Comment fonctionne un produit structuré ?

Un produit structuré est un instrument financier conçu et émis par une banque ou une compagnie d’assurance. Il repose sur la combinaison de plusieurs actifs ou instruments financiers tels que des obligations, des actions ou encore des options pour offrir une capital protégé tout en bénéficiant d’un rendement attractif. Ici on parle donc du dyptique rendement/risque défini en amont.

Concrètement, il s’agit d’un placement financier qui est adossé à plusieurs sous-jacents dont la performance conditionne le rendement cible selon un scénario de marché prédéterminé, tout en limitant le risque de perte. Il constitue ainsi un outil de diversification de portefeuille et une alternative aux placements financiers traditionnels.

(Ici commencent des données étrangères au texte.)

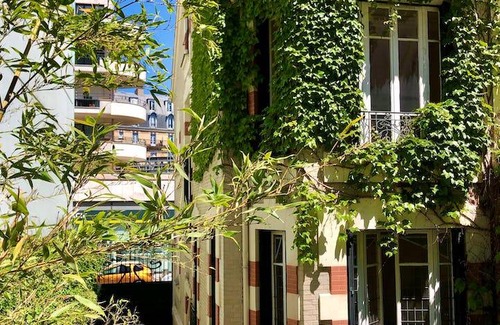 Grenelle Resort | 250 m² Private room ∙ 1 bedroom ∙ 1 guest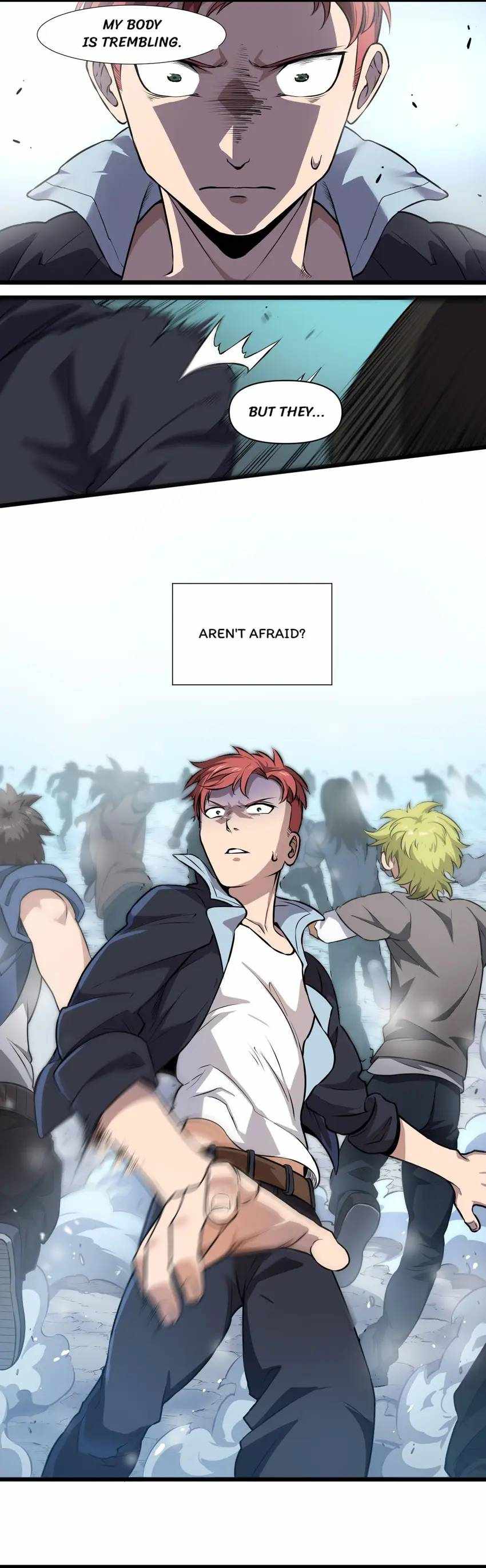 I’m From Alien Space — Chapter 11 — page 60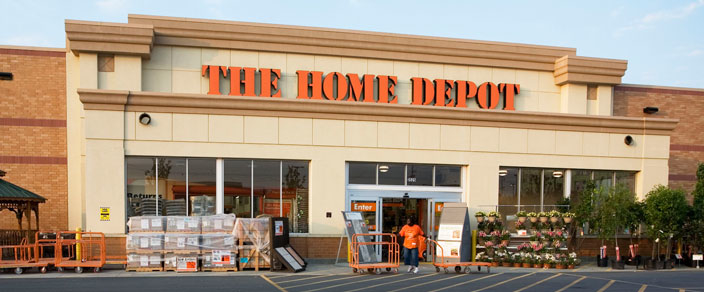 Photo of The Home Depot in Totowa City, New Jersey, United States - 2 Picture of Point of interest, Establishment, Store, Home goods store, Furniture store, Hardware store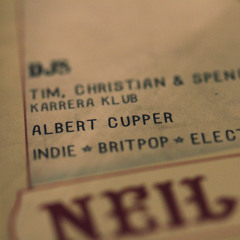 AlbertCupper@Karrera Klub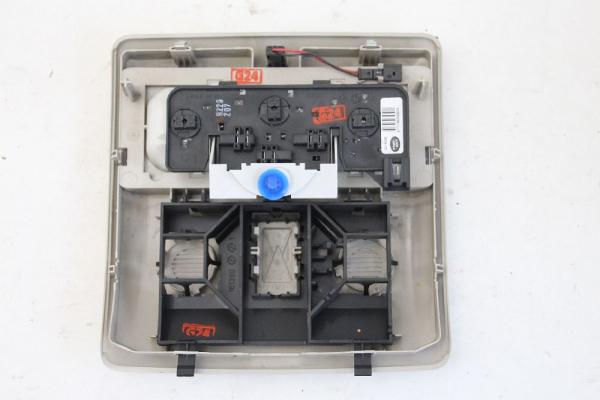 Türschloss vorn links Mazda 2 DE DJ0159310B 10-2011 gebraucht 2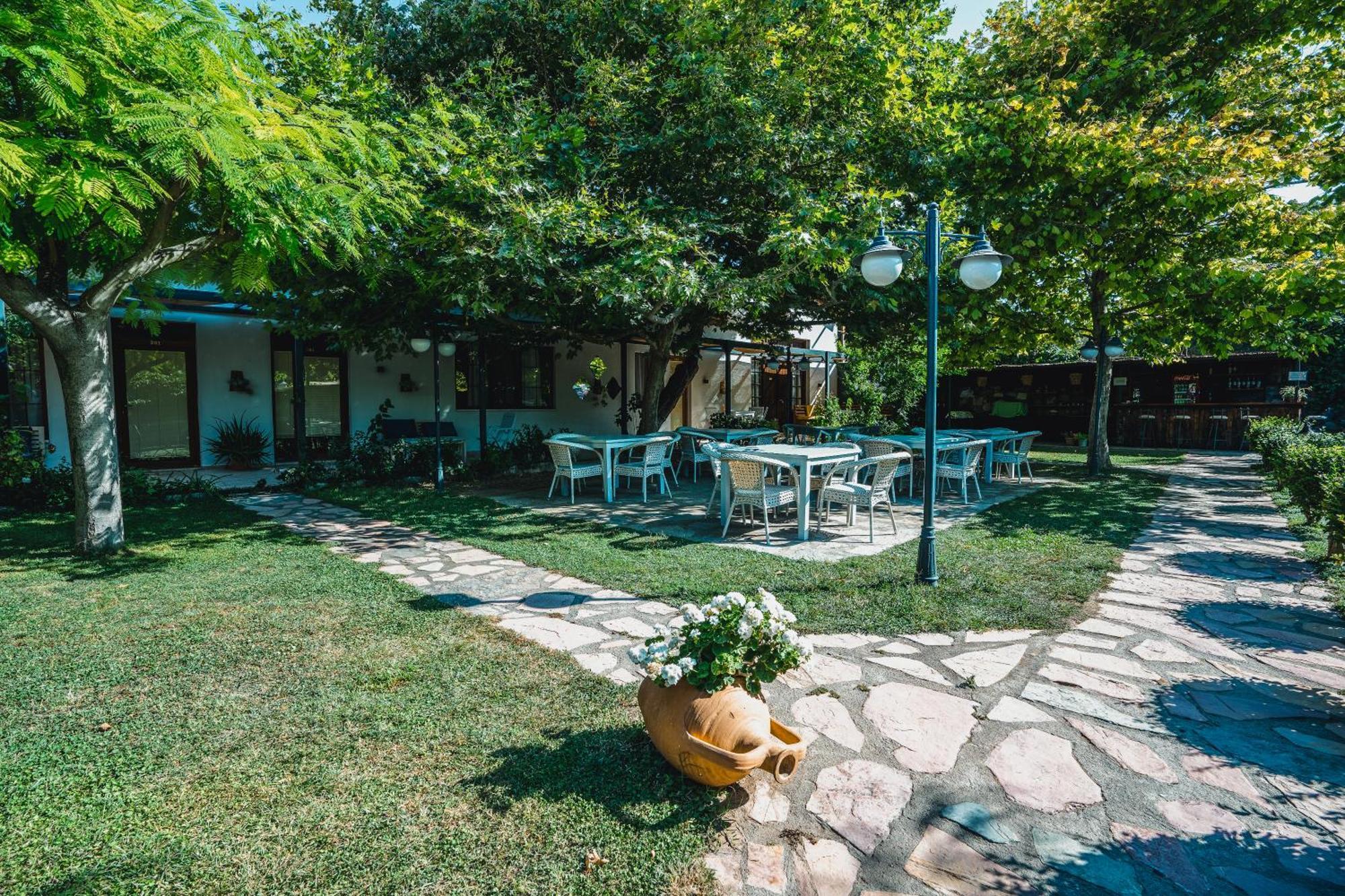 Armagrandi Hotel Bozcaada-Special Category Eksteriør bilde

Quelles sont les composantes d’un produit structuré ?

Le produit structuré se compose de plusieurs éléments essentiels pour son fonctionnement :

  • D’une part, une composante obligataire garantissant tout ou partie de l’investissement à l’échéance.
  • D’autre part, un ou plusieurs sous-jacents, en tant qu’instruments financiers, permettent de déterminer la performance potentielle du produit. Ils peuvent prendre la forme d’une action, d’un indice de référence, d’une devise ou d’un panier d’actions comme le CAC 40 ou le MSCI World.
  • Enfin, des produits dérivés telle que des options peuvent être associées pour optimiser le rendement prédéterminé ou renforcer la protection. Ces derniers sont liés au cours, à la clôture ou à une ligne de marché.

Les produits structurés ont pour but d’atteindre un rendement déterminé à l’avance dont la réalisation repose sur une formule construite à partir de ces différentes composantes qui permettent de gérer le risque de marché tout en visant une performance encadrée. Le but de cet investissement est d’avoir la possibilité d’investir sur les marchés financiers avec une maitrise du dyptique risque-rendement

Une visibilité encadrée grâce au DIC

Chaque produit dispose d’un document d’information clé (DIC) qui est garant de la transparence de cet investissement. Ce document précise la liste des informations notamment :

  • Le ou les sous-jacents de référence ;
  • Le rendement cible (atteint à maturité du produit ou périodiquement) ;
  • La durée de l’investissement qui est généralement un engagement de 5 à 10 ans ;
  • Le détail des modalités quant à la rémunération et sa perception ;
  • Le suivi de la performance du sous-jacent qui sera comparé à l’objectif prédéterminé ;
  • Les modalités de souscription du produit et les frais qui en découlent ;
  • Le degré de protection de l’investissement qui peut être total, partiel ou inexistant selon la typologie ; du produit ainsi que la présence d’éventuels dispositifs spécifiques telle que des barrières de protection.

Les différentes catégories de produits structurés

On peut différencier les produits structurés selon le degré de protection du capital investi et le calcul de leur rendement. Il existe donc plusieurs types de produits structurés.

Une garantie totale du capital

Cette catégorie de fonds permet de restituer intégralement le capital investi à la date d’échéance du produit indépendamment du cours du marché et donc de la performance du sous-jacent. Autrement dit, par exemple, pour un investissement de 10 000 euros sur 8 ans, vous récupérez la totalité de cette somme à la fin de la période, soit au bout des 8 années.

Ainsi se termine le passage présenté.